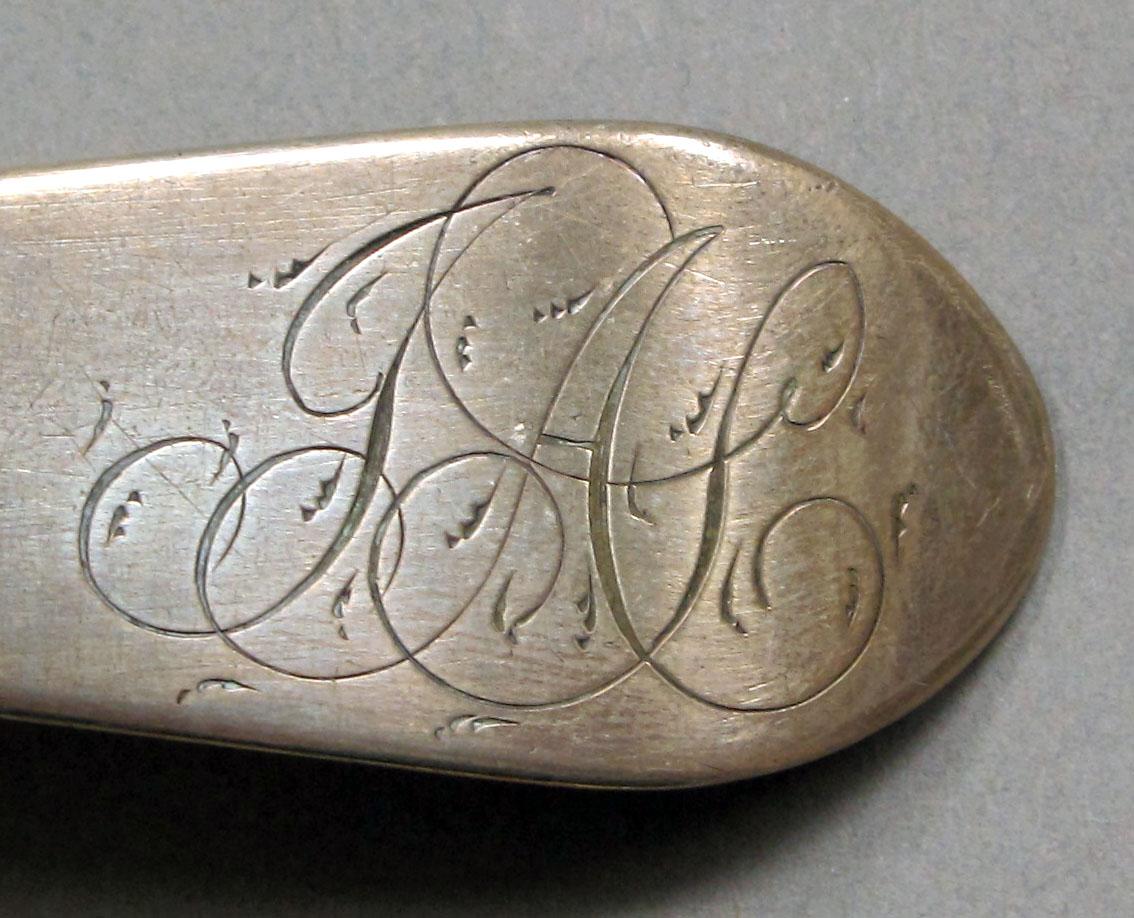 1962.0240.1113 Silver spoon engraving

---

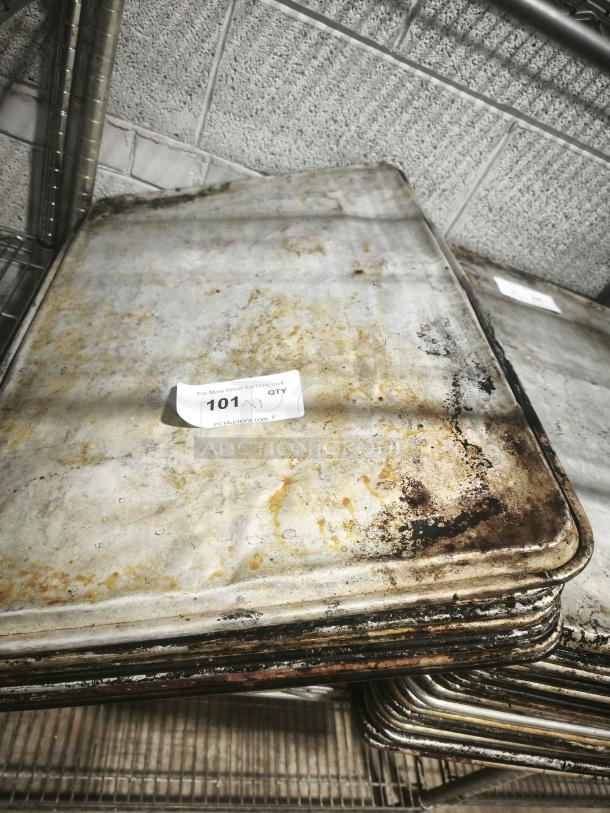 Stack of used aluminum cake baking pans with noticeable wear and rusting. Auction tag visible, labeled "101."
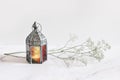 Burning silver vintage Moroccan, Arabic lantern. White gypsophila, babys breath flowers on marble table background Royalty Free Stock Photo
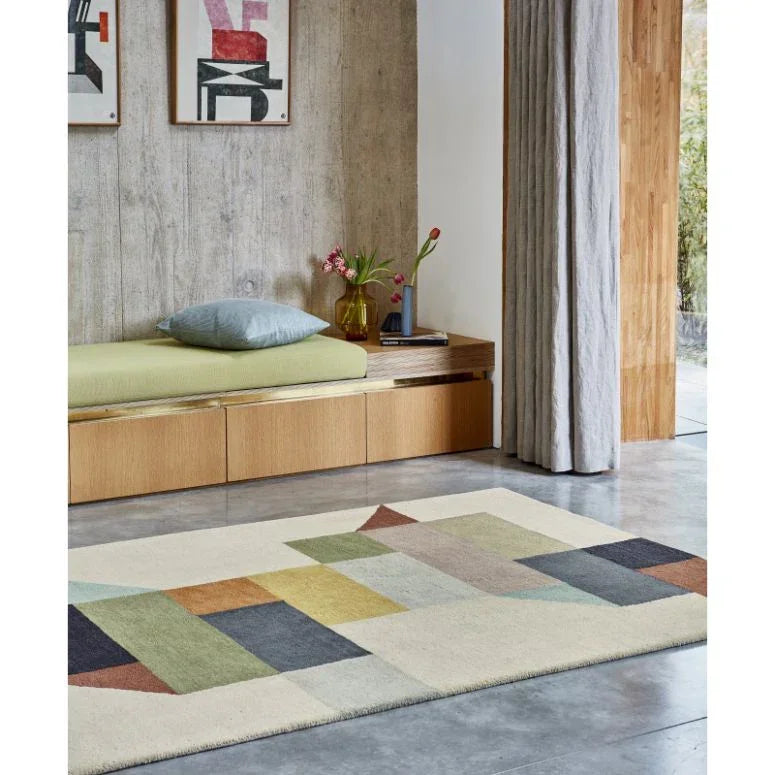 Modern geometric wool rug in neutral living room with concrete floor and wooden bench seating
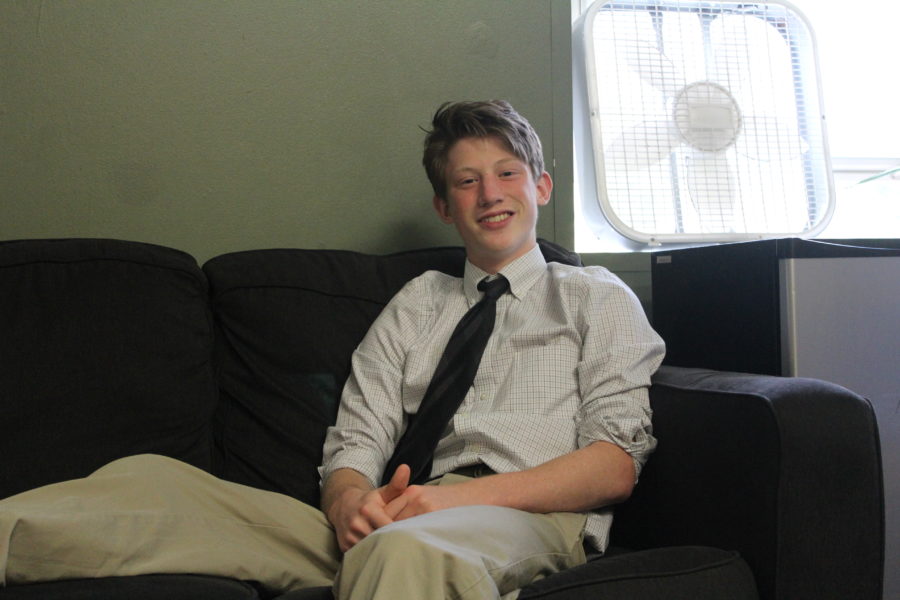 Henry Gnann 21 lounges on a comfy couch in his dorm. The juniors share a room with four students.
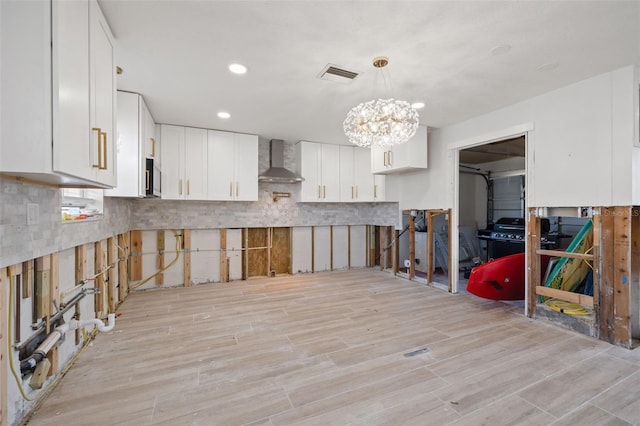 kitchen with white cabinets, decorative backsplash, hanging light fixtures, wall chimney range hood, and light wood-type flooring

# Exercise details
Copy only these lines from the records above, exactly: the one with "Burning silver vintage", the one with "kitchen with white", and those between. Skip the pictures.

# Task answer
 Burning silver vintage Moroccan, Arabic lantern. White gypsophila, babys breath flowers on marble table background Royalty Free Stock Photo
 Modern geometric wool rug in neutral living room with concrete floor and wooden bench seating
 Henry Gnann 21 lounges on a comfy couch in his dorm. The juniors share a room with four students.
 kitchen with white cabinets, decorative backsplash, hanging light fixtures, wall chimney range hood, and light wood-type flooring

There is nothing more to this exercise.